*Activity*.
Only the pictures are dropped. Restate each line below word for word.

*Data extract*.
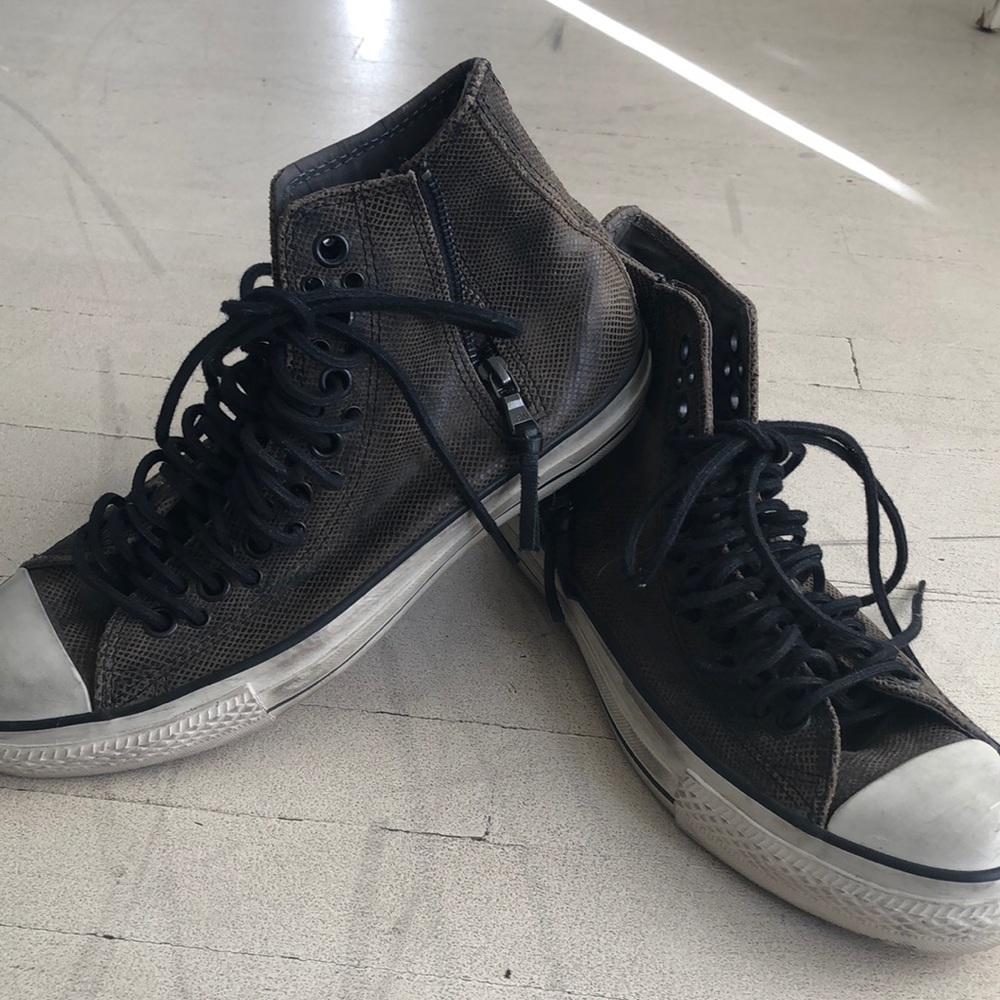 Converse X John Varvatos Side Zip Hi Top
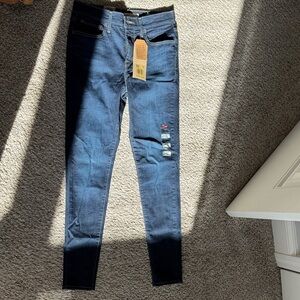 Classic Indigo Skinny Jeans for Women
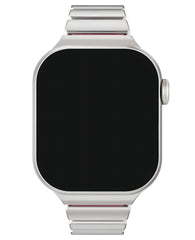 Apple Watch Uyumlu Manyetik Metal Paslanmaz Çelik Orion Slim Loop Kordon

*Written solution*.
 Converse X John Varvatos Side Zip Hi Top
 Classic Indigo Skinny Jeans for Women
 Apple Watch Uyumlu Manyetik Metal Paslanmaz Çelik Orion Slim Loop Kordon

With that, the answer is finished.